Problem statement.
Print each entry again exactly as written, and keep the pictures out.

Data to use.
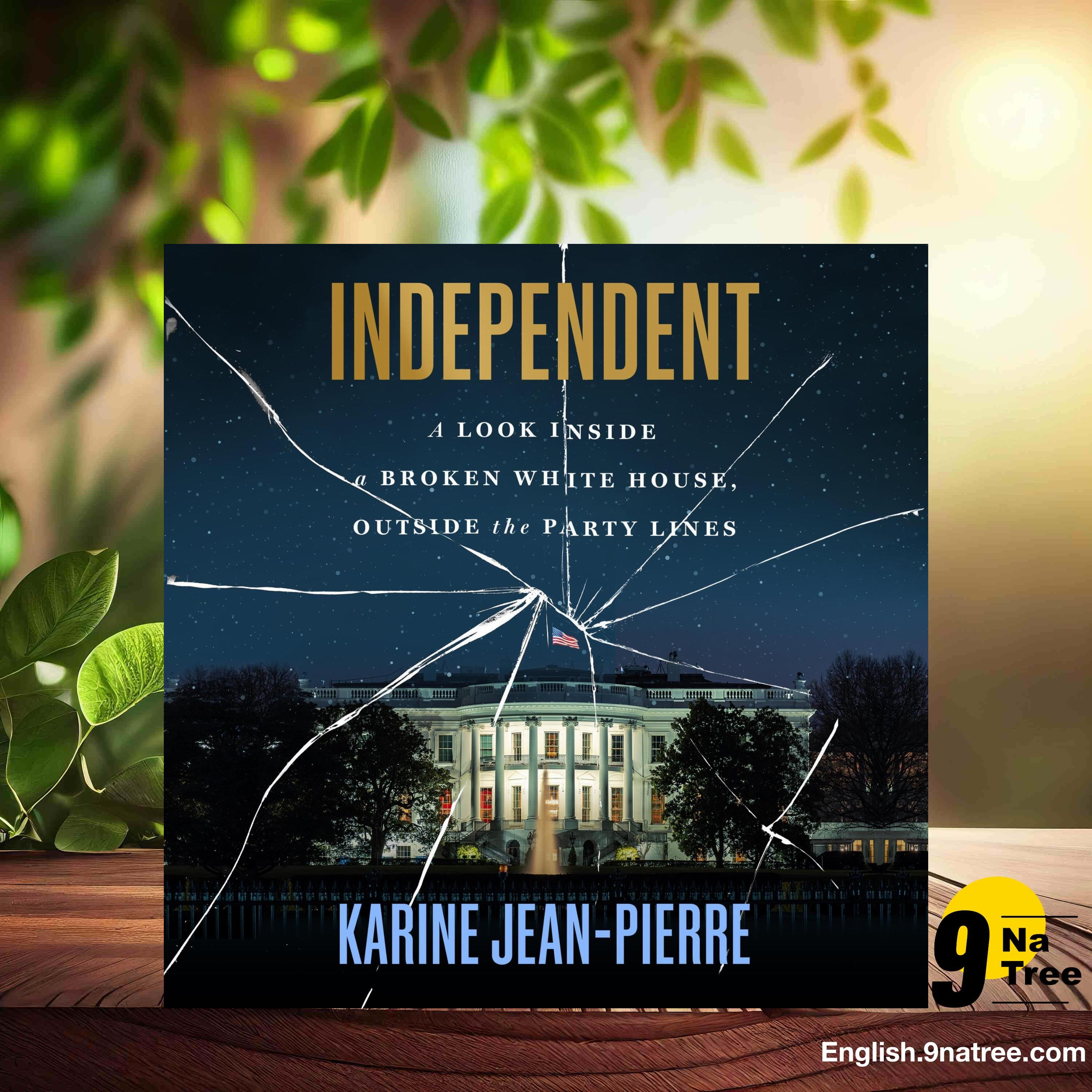 [Review] Independent (Karine Jean-Pierre) Summarized.
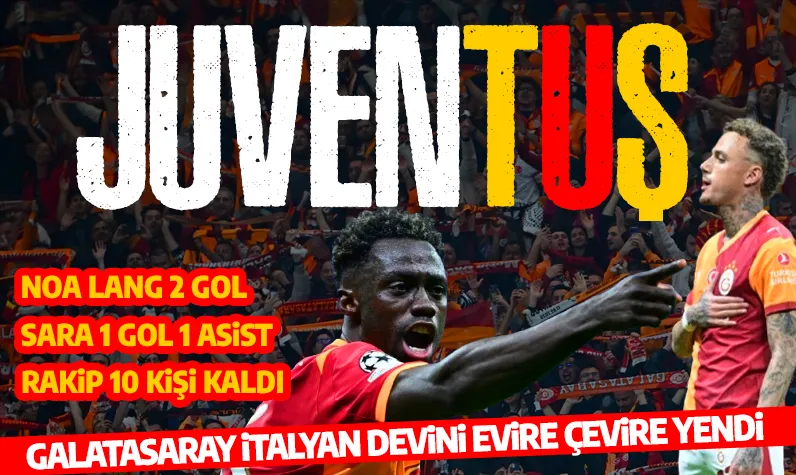 Son dakika... Galatasaray'dan tarihi zafer! İtalyan devi Juventus'u 5'ledi tur kapısını sonuna kadar açtı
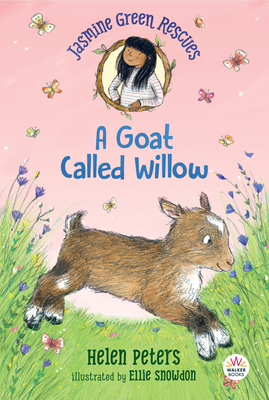 Jasmine Green Rescues: A Goat Called Willow 1536216054 Book Cover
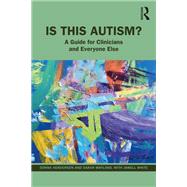 Is This Autism?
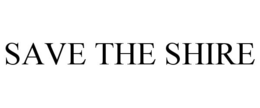 SAVE THE SHIRE trademark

Your solution.
 [Review] Independent (Karine Jean-Pierre) Summarized.
 Son dakika... Galatasaray'dan tarihi zafer! İtalyan devi Juventus'u 5'ledi tur kapısını sonuna kadar açtı
 Jasmine Green Rescues: A Goat Called Willow 1536216054 Book Cover
 Is This Autism?
 SAVE THE SHIRE trademark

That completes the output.